Los Angeles Firefighters Test Motorcycle Response Units

The Los Angeles Fire Department has a pilot motorcycle response team that consists of a five-man unit that is being used to speed to the side of an injured victim, provide information to dispatchers and skirt traffic to scout fires and other problems, reports the Los Angeles Times.

The unit first rode during last year’s “Carmageddon” closure of the 405 Freeway, and its next deployment is to take place during a follow-up closure this weekend, when workers will demolish the other half of the Mulholland Drive bridge overhead.

Fire departments serving traffic-snarled cities around the nation have adopted similar motorcycle teams to improve response times, staff special events and, in some cases, save lives and resources. As the L.A. Fire Department faces budget cuts and intense scrutiny over response times that lag behind national standards, some believe that a motorcycle unit could help the department.
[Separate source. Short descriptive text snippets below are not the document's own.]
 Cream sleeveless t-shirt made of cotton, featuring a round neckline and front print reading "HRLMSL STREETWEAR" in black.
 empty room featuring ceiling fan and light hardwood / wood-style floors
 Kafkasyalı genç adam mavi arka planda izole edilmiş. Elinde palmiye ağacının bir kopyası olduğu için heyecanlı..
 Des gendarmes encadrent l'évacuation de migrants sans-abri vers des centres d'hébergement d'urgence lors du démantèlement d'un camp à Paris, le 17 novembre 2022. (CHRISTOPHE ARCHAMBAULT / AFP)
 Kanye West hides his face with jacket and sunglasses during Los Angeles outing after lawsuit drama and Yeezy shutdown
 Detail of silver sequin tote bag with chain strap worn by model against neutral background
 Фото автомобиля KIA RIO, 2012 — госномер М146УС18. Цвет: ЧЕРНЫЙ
The pilot unit features five off-road-capable motorcycles on loan from the Kawasaki Motor Corp. Each bike retails for about $6,300 and is outfitted with a defibrillator, a small fire extinguisher, various medical supplies and a handlebar-mounted GPS system. A dozen firefighters have undergone the necessary training, and a permanent unit could have up to 10 motorcycles and 28 riders, said Capt. Craig White, who first proposed the unit to the department.
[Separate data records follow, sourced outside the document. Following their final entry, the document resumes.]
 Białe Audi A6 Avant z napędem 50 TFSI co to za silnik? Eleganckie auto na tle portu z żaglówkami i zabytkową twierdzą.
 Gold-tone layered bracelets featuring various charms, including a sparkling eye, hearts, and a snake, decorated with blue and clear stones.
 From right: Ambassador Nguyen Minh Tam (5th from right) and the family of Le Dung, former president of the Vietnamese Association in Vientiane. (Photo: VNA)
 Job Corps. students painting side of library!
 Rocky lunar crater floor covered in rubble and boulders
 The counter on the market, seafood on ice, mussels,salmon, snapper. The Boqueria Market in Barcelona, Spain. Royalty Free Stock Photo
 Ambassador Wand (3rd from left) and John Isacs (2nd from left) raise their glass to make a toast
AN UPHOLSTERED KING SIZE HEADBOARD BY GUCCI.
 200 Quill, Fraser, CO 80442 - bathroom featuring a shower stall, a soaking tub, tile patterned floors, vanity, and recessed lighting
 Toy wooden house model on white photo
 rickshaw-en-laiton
Recently, as a 70-acre brush fire stopped traffic on the 405 and caused the evacuation of the Getty Center, firefighter Greg Pascola and his partner reached the command post within three minutes — even before helicopters could reach the site. They were handed radios and began to map the blaze, weaving between cars, hopping sidewalks and navigating narrow, curving mountain roads.

LAFD Chief Brian Cummings said motorcycles could be “one of the solutions” the department considers for improving response times.